Petite œuvre de Jeanne...

Après cette jolie ballade retour au camion puis repas. le moral au beau fixe, on décide de faire quelques courses : au menu Décath',etc. Bien mal nous en a pris car nous perdons littéralement notre après-midi dans la circulation , entre Anglet, Bayonne, Biarritz etc. La prochaine fois, c'est décidé, on n'aime pas ça mais on prendra l'autoroute pour éviter cette zone, ça n'est clairement pas notre partie préférée du pays basque ! 
On trouve enfin un endroit où dormir au dessus de St Jean de Luz et le lendemain, on file en Espagne ! Un poumon, une respiration après cette traversée de la conurbation BAB, non pas qu'ils soient tous des hippies par ici...
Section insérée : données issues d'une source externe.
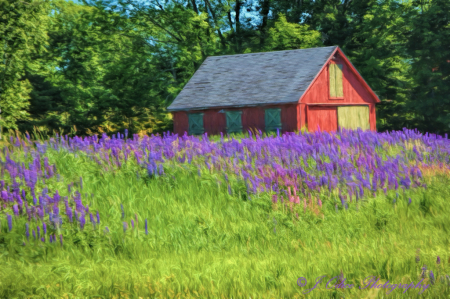 Red Shed and Lupines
Nous sommes samedi, voilà déjà 5 jours que nous sommes partis, cela passe très vite. Nous passons la frontière espagnole et filons vers le sud-ouest. Nous nous arrêtons à la nuit tombée près de Tordesillas où un traité, le premier du genre,  fut signé il y a de cela à peu près 500 ans...je vous laisse chercher de quoi il s'agit ! Ce bivouac à Castronuňo nous laisse découvrir dans les vallons alentours des champs d'ocres et de verts battus par des vents qui dessinent à leurs surface de douces volutes. Pour le reste, le village semble lui-même déshérité, clos et lisse, si ce n'est les trois quatre cafés ouverts à notre arrivée et les chiens hurlants à la nuit.
Les paysages castillans sont plutôt monotones, à base d'immenses champs voués à la grande agriculture, celle qui s'expédie dans toute l'Europe. Du coup, les paysages ne font pas rêver, mais il faut dire qu'on n'a quasiment pas quitté l'autoroute !
Le lendemain, on repart vers Salamanque, très jolie ville qui fut un centre universitaire très important au Moyen-Age. On s'y ballade le dimanche après-midi et le lundi avant de repartir vers le Portugal.
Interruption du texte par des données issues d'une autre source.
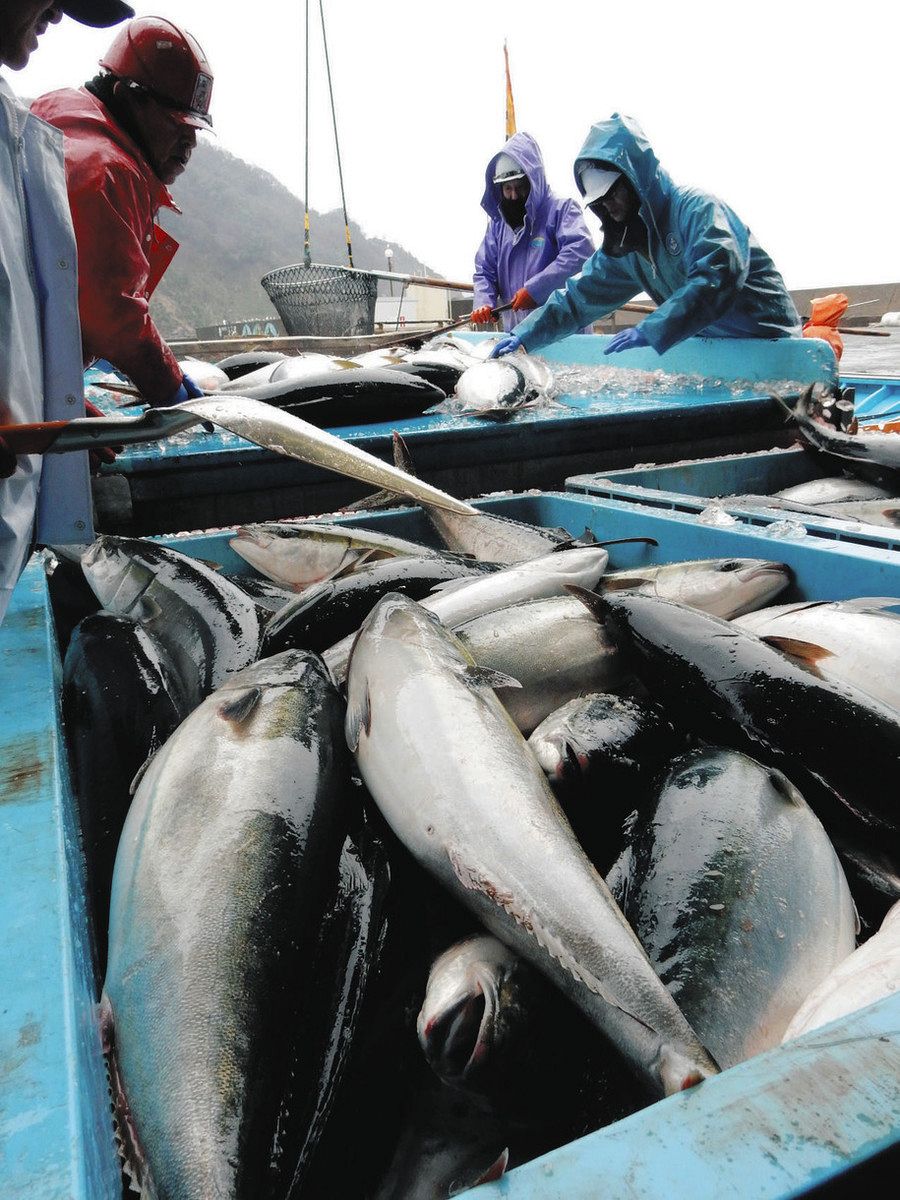 ８月４日 水揚げ 養殖ぶり片身 速報】能登被災地で寒ブリ水揚げ 1匹200万円「日本一」 - YouTube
                                  
Jésus semble avoir eu une vie difficile hier soir...
Ne riez pas...le danger est partout à Salamanque...




La seule petite pluie que nous ayons eue en 10 jours...































le punk du devant...







Et le punk de derrière...





















Seulement 1 heure de route avant de rejoindre le Portugal, nous quittons l'autoroute à Vila Formoso et les paysages changent brutalement : ici , pas de grands champs ouverts, mais un paysage rocailleux où l'on devine d'anciennes terrasses, toujours vallonné, à base de petits champs séparés par des murets de pierre sèche ponctués d'énormes galets ronds. Nous ne connaissions pas cette partie du Portugal, c'est vraiment très beau. Les arbres sont couverts de lichen en cette saison, et l'ensemble fait un peu penser à certaines zones de la Norvège ou de l'Irlande.
On se trouve un bel endroit où dormir près de Castelo Mendo. Il ne fait pas très chaud (9°) et la nuit est froide, on descend à 0°.

Ce matin, on quitte notre bel endroit vers 11h et nous nous dirigeons vers Guarda, histoire de faire quelques courses (eh oui, encore, mais on ne peut pas stocker grand chose dans le camping car !). En discutant avec une vendeuse, elle nous indique un petit resto "bon et pas cher" qu'on décide de tester dans la vieille ville de Guarda. Les portions sont énormes, et vu le nombre de personnes à venir, ça doit être une référence dans le coin. On ressort du petit resto pour faire un petit tour dans la ville: jolie mais pas exceptionnelle.